The museum is the last untouched example of a North Staffordshire potbank – the small earthenware and china works which dominated the six towns of Stoke-on-Trent for more than two centuries. The six towns – Tunstall, Burslem, Hanley, Stoke, Fenton and Longton – grew up close to the outcrops of tarry coal that provided the fuel for the bottle ovens which loomed over their rooftops and choked them with ash and soot. Life in the shadow of the potbanks was hard, as was the work within them. Entire families would toil for long hours in dangerous conditions driving the many complex processes that were required to make the wares.

While we were there my kids threw pots and painted vases and roses but the thing that struck me was the poetry. Thrower, turner, fettler, dipper; the names of jobs in the potbank have an earthy resonance, displaying a grim humour in the face of hardship. My favourite; saggar maker’s bottom knocker is the name of the boy who bashed out lumps of coarse local clay inside an iron hoop to form the base of the saggar, a large clay vessel used to contain the ware when it was fired. It was the saggar maker himself who paid the bottom knocker a weekly wage of a pound a week out of his own pay which could be as much as six pounds but the bottom knocker had little hope of earning more for the only route to promotion was through a dead man’s shoes.

Not that he had long to wait, up until as late as 1900 the average age of an adult at death was 46. Thick choking smog, flint and clay dust, lead poisoning and extreme heat from the ovens all took their toll on the workers but life started to improve in the late nineteenth century as various pieces of legislation were brought in to protect the workers.

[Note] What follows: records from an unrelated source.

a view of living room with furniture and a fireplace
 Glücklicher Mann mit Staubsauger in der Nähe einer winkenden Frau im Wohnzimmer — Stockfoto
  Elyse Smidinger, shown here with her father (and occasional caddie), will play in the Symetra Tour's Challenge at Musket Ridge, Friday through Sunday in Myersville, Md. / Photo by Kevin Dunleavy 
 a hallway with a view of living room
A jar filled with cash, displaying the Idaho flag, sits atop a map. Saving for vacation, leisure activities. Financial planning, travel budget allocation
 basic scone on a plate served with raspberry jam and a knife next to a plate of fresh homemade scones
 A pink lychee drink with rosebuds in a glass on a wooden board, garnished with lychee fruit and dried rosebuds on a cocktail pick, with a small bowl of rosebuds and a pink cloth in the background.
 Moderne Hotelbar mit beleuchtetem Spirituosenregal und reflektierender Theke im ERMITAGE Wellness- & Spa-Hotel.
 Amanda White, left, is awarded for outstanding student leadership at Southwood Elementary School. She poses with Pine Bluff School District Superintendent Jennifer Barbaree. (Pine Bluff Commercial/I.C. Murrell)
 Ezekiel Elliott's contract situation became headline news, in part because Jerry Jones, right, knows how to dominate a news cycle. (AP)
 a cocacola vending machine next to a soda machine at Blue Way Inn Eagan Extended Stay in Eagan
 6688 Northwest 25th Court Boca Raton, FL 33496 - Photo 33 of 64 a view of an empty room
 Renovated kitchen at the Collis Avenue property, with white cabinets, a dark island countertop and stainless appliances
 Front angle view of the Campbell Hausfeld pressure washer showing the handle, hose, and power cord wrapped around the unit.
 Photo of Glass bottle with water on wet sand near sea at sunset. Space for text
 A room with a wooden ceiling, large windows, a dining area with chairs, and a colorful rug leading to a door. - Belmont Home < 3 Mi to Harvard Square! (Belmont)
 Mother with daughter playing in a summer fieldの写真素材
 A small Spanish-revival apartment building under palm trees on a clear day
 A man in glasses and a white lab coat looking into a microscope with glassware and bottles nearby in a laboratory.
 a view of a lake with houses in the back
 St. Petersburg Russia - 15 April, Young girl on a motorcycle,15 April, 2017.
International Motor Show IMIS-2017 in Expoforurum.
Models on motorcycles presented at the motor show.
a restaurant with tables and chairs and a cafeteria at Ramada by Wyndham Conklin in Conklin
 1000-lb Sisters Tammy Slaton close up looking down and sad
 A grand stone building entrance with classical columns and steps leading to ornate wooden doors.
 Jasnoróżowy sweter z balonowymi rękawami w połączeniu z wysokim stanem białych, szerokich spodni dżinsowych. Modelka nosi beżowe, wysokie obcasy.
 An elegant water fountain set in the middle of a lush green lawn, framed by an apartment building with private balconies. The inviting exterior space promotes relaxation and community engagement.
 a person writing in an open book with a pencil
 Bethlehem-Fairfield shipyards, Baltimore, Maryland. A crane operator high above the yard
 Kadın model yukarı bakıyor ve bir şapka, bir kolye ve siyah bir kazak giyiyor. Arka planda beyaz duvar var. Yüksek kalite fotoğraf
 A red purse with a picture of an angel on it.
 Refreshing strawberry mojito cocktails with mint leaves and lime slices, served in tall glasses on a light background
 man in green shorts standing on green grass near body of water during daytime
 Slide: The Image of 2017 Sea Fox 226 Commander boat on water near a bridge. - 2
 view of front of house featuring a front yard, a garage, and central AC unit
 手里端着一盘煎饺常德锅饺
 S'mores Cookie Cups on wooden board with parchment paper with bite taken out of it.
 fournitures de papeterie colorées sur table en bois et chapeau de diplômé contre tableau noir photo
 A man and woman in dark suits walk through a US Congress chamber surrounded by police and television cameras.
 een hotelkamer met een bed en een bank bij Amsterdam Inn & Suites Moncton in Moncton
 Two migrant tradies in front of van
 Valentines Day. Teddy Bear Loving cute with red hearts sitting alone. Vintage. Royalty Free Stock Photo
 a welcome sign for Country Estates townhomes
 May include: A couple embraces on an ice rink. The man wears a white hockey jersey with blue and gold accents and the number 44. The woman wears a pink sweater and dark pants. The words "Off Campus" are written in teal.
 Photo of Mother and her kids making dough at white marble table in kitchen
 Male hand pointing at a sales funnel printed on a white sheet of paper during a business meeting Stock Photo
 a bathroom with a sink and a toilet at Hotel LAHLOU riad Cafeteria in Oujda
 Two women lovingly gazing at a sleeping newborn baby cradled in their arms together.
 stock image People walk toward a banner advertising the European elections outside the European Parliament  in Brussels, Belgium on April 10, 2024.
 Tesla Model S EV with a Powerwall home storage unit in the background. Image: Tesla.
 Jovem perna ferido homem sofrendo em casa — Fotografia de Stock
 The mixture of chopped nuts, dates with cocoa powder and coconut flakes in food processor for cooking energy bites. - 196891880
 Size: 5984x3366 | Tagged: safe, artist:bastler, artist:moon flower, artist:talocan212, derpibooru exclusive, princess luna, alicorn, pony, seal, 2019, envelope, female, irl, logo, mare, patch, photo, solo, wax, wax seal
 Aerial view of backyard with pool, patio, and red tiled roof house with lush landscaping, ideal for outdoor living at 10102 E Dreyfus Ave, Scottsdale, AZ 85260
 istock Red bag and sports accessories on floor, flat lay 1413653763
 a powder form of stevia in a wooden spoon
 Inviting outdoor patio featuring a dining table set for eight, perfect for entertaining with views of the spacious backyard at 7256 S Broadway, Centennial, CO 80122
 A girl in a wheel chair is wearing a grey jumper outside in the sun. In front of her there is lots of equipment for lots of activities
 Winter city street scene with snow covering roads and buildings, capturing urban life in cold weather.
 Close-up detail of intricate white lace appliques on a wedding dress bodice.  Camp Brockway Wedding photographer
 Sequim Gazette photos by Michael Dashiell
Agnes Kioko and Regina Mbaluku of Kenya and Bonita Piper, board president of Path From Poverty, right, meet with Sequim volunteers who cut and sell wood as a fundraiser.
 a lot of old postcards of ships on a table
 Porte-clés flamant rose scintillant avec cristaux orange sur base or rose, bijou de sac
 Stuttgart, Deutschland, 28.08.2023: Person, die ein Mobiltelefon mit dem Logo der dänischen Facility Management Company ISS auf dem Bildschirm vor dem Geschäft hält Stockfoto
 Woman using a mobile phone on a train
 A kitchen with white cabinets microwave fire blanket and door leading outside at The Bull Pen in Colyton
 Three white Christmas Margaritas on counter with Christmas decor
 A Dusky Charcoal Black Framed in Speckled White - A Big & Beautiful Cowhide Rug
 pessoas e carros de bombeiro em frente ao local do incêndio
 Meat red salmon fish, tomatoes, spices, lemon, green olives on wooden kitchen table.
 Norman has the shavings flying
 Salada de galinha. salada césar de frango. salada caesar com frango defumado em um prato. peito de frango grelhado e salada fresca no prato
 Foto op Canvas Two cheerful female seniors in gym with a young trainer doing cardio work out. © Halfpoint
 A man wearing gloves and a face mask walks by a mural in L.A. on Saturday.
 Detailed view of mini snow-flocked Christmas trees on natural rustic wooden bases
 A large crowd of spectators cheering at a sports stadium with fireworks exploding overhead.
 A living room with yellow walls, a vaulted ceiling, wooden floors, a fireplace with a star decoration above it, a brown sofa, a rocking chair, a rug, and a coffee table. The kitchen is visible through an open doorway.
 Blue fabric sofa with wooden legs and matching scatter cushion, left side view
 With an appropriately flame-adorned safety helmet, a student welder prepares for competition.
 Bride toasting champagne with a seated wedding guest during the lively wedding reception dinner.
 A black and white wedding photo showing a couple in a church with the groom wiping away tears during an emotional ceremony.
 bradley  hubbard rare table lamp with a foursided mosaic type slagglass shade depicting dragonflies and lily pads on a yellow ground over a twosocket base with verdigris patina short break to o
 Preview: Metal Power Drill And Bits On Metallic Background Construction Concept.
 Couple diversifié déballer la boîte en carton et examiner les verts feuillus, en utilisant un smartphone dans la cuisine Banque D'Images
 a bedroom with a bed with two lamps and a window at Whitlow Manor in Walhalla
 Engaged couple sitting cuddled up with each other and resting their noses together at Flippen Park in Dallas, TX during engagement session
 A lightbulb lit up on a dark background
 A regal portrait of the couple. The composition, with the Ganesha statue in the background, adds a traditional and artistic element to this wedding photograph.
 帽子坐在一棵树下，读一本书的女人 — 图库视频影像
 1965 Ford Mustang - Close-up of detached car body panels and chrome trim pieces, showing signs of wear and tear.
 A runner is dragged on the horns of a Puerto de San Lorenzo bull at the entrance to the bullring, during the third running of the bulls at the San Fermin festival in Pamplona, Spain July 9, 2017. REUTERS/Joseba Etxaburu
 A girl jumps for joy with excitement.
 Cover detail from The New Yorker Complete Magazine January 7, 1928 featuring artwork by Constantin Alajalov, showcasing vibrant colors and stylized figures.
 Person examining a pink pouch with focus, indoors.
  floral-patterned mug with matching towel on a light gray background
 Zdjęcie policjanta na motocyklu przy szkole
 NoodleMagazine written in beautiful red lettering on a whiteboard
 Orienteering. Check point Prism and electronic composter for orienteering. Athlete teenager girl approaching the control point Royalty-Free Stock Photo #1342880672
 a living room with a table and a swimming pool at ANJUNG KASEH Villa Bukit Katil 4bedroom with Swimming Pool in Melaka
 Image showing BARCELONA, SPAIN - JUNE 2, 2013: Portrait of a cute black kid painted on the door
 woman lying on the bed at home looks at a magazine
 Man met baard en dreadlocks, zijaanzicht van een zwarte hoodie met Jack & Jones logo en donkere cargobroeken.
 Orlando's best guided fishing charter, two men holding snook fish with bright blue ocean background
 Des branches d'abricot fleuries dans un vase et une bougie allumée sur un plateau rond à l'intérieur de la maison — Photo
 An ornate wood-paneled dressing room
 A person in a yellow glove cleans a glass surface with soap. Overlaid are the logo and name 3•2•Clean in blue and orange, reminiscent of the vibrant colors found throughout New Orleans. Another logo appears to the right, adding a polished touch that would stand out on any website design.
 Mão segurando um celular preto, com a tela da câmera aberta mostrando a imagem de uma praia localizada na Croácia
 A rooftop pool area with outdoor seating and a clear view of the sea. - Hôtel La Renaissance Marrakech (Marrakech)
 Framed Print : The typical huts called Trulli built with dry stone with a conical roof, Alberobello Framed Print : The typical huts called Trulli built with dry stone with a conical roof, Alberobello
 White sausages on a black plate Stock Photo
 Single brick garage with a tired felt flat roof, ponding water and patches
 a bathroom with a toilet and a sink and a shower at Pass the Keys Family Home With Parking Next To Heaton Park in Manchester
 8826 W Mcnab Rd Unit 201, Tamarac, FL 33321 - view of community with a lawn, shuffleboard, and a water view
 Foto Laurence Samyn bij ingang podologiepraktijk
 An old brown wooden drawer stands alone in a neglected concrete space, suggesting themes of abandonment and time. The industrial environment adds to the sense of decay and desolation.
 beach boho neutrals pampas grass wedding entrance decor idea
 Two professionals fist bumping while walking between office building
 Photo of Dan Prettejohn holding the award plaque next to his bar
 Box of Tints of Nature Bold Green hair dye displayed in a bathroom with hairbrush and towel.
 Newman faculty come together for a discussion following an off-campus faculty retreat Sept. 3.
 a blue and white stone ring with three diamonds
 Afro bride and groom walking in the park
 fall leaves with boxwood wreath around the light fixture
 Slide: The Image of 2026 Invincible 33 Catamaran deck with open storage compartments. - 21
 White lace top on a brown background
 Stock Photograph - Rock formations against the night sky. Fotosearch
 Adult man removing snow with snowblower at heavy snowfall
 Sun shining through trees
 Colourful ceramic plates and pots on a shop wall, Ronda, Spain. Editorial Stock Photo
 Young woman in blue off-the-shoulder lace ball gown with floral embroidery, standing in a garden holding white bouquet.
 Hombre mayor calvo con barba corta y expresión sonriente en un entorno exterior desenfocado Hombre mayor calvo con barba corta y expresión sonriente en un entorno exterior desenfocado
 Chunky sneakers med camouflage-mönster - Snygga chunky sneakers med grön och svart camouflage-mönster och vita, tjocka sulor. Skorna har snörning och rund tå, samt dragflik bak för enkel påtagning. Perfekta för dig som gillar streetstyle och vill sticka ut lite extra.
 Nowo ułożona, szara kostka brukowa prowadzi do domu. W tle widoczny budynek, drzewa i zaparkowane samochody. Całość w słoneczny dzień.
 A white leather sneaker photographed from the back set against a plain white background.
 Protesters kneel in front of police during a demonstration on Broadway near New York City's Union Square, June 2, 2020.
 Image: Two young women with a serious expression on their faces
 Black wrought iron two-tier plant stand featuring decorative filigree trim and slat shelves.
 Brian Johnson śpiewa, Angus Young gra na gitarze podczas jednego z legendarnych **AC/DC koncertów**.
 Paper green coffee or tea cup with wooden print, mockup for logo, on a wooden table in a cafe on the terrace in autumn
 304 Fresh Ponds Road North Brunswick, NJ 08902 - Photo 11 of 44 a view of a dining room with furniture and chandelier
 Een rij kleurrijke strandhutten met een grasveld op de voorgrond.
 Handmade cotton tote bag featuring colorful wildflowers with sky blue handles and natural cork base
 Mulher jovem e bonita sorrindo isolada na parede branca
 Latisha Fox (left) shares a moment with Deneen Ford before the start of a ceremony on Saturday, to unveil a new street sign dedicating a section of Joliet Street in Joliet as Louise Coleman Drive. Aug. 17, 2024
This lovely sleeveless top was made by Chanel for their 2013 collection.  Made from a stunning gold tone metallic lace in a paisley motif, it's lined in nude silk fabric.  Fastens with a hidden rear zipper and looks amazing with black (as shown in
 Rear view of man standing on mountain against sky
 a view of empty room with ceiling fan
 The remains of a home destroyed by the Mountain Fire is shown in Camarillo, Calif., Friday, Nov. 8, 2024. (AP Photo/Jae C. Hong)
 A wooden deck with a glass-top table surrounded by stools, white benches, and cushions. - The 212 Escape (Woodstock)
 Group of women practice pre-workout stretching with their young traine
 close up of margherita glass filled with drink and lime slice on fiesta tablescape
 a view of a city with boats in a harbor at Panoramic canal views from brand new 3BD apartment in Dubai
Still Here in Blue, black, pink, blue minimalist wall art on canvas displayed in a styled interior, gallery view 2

Finally in 1952, the Clean Air Act  forced the smoky bottle ovens to close and changed the landscape around Stoke-on-Trent forever.

The one at the back is a one legged dancer

And if you are wondering why she is called a one legged dancer it is because when small girls worked the large wheel to keep the potter’s wheel turning they would have to stand up high on one leg to reach the top.

Comments
  1. emmiemears says:

    As a word junkie, I find this post remarkably appealing.

  2. susielindau says:

    I would too!! Fun Post and the “ditty” should go with banjo music!